# Folding knife - damascus and mammoth ivory



## Alejanders (Aug 27, 2012)

Folding knife.
San mai blade, scale from mammoth ivory on carbon.
Bolster from fossil (bog) ivory.

I want to add scrimshaw, but not decided about picture.


----------



## Gofer (Aug 27, 2012)

Looks very good to me, nice combinations.  Just curious why you didn't match it and put the Ivory on the other side of the knife as well?

Bruce


----------



## Alejanders (Aug 27, 2012)

That knife kit made for one scale. Second scale requres inch screws and tap, and it is not easy to find it in Russia.
It is not easy to find metric screw with small torx cap....


----------



## mredburn (Aug 27, 2012)

KnifeKits.com : Designer Knife Kits - Knife Making Supplies - Knife Making Tools Screws

May take a while to get them in the mail but at least you have a source


----------



## PaulDoug (Aug 27, 2012)

Very nice knife.  Something I'd like to try in the future.


----------



## Fishinbo (Aug 27, 2012)

I like it a lot.

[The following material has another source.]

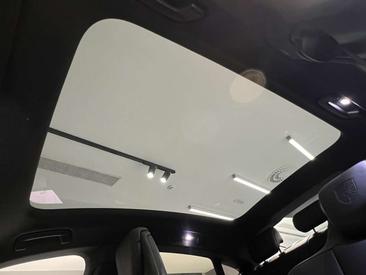 Porsche Taycan — photo 31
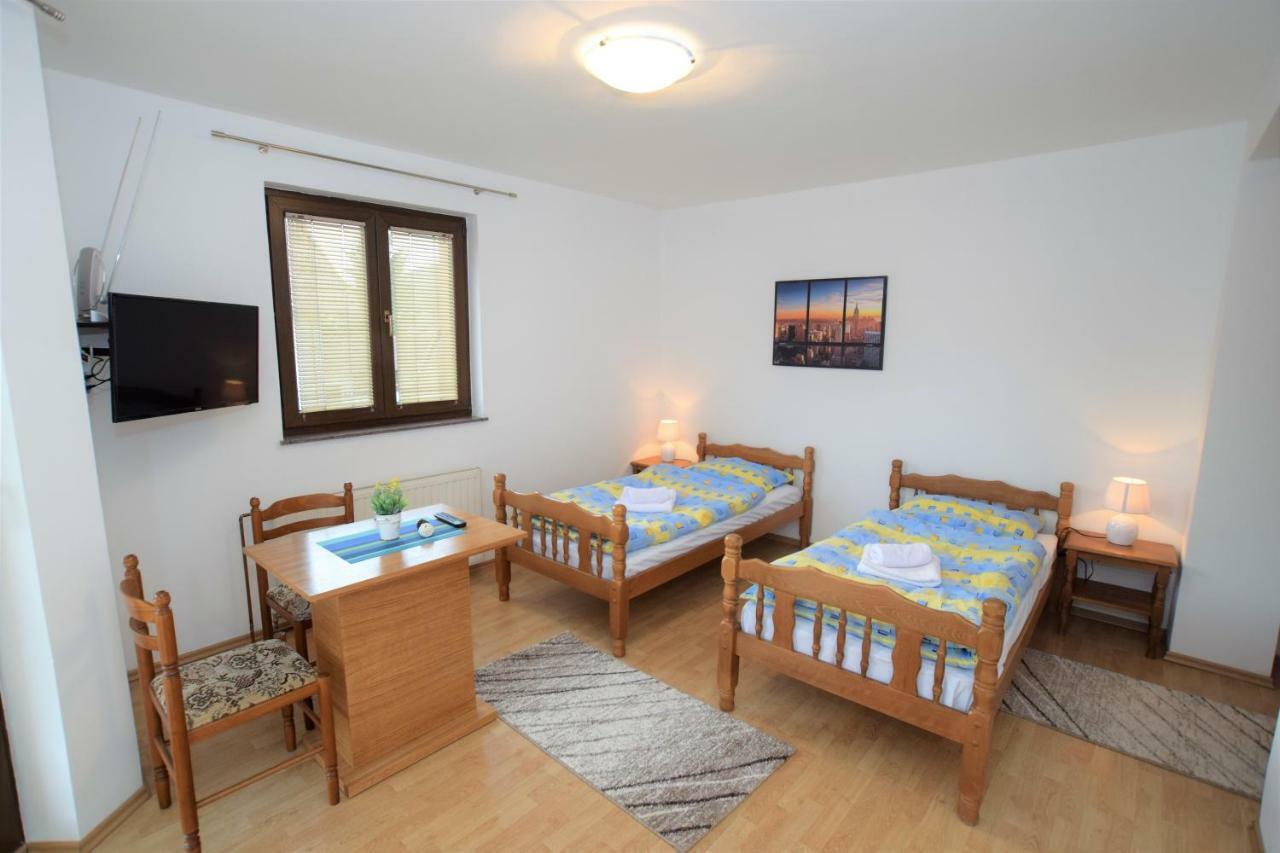 Privatni Smjestaj Most Otočac Exterior foto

I like the over-all look of it all. My special fondness goes to the nitty gritty details of its blade. Well done!


----------



## Alejanders (Aug 28, 2012)

mredburn, l know that shop.

I need 3-48 or 3-56 scews (i dont know screw pitch). But there is no such screws in that shop.


----------



## rizaydog (Aug 28, 2012)

Thats an awesome knife!  Nice job.


----------



## mredburn (Aug 28, 2012)

Here is another link if you dont have it. They have every size but  3-48 or 3-56 I have found taps and dies for those sizes on ebay. I will look in my garage I believe I have the taps. Socket head cap screws are available in those sizes.
Folding Knife Parts


----------



## Alejanders (Aug 28, 2012)

mredburn, thank you very much!


----------